They were on the Bruins side of the ice more often than not when the line of O’Reilly, Zach Sanford and David Perron was thrown over the boards. That trio had some success together earlier this season and were cobbled back together on a hunch from Berube after Sanford played well enough in Game 3 to keep a spot in the lineup when Oskar Sundqvist returned from suspension.

With due respect to the wingers, O’Reilly is the engine of that second line. He is a details guy; strong on coverages, solid in the faceoff dot (although an uncharacteristic 41-43 so far in this series) and adept at finding seams in the offensive end.
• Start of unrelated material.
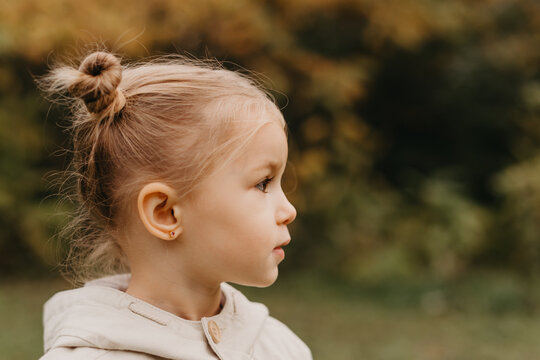 Autumnal mood. Portrait of a little cute girl walking in the autumn park. Profile photo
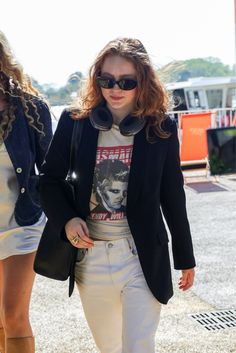 a woman walking down the street in white pants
He produced a career-best 77 points this season and earned a Selke Trophy nomination alongside four-time winner Patrice Bergeron of the Bruins and Mark Stone of the Vegas Golden Knights.

The 28-year-old has essentially been your prototypical playoff horse without much playoff experience during a 10-year career. Twenty-three of the 36 post-season games he’s ever appeared in have come this spring.

There are going to be at least two more now that the Blues have tied this series 2-2.

“Every night he plays hard,” said teammate Pat Maroon. “If he doesn’t score he does the little things that a lot of people don’t see. Good sticks, good faceoffs, back pressure. He does the little things that makes him an unbelievable hockey player.”

His stick is a thing of legend.

When Hughes stopped by the Blues locker-room along with four other top draft prospects on Monday morning, he went directly for the No. 90 rack. First he sized up the unusual toe hook curve, then he leaned on a shaft that has virtually no flex.

The O’Reilly model is more of a curiosity than something to be copied. They’re not going to be mass produced any time soon.

“I don’t think anybody wants to try that,” said Blues defenceman Vince Dunn. “That’s just one of a kind and I don’t know how he uses it or how he even flexes it down. It must be the stiffest stick I’ve seen.

“I saw the prospects here this morning, they were really excited to check out that stick of his. I think that’s what makes him such a special player — he uses that to his advantage and he’s very strong on it and he makes very high-end plays.”

The only reason O’Reilly has it is because he’s a rink rat. He started with a Jeremy Roenick model stick, known for its long curve, and went from there. The 28-year-old is notorious for his practice habits and willingness to experiment, and had Warrior pattern the blade he now uses because he believes it helps him keep better control of the puck.

“I don’t know how I got the idea. I was just messing around,” O’Reilly told the ‘31 Thoughts’ podcast earlier this season. “It’s pretty cool, they send you like a plastic blade and then with the heat gun for five seconds [you] heat it up and then you can move it any way you want. And then it settles.

“And then you send it in and then they make the stick of that. A lot of guys think I just jam it in the door and then it was like ‘OK, here you go.”’

No one was laughing after it helped him score his first two goals of the Stanley Cup Final.

O’Reilly typically has to take shots from the heel because of his unique curve, but managed to beat Tuukka Rask with the puck resting on his toe during the wraparound that opened the scoring in Game 4. Then, with the game tied 2-2, he broke towards the slot while defenceman Alex Pietrangelo took a shot and saw it hit Rask’s blocker and land in a prime shooting area.

He swept it home in one smooth motion.

“Great shot,” said O’Reilly. “Good bounce.”

The kind of bounce that is earned over a career of doing things the right way.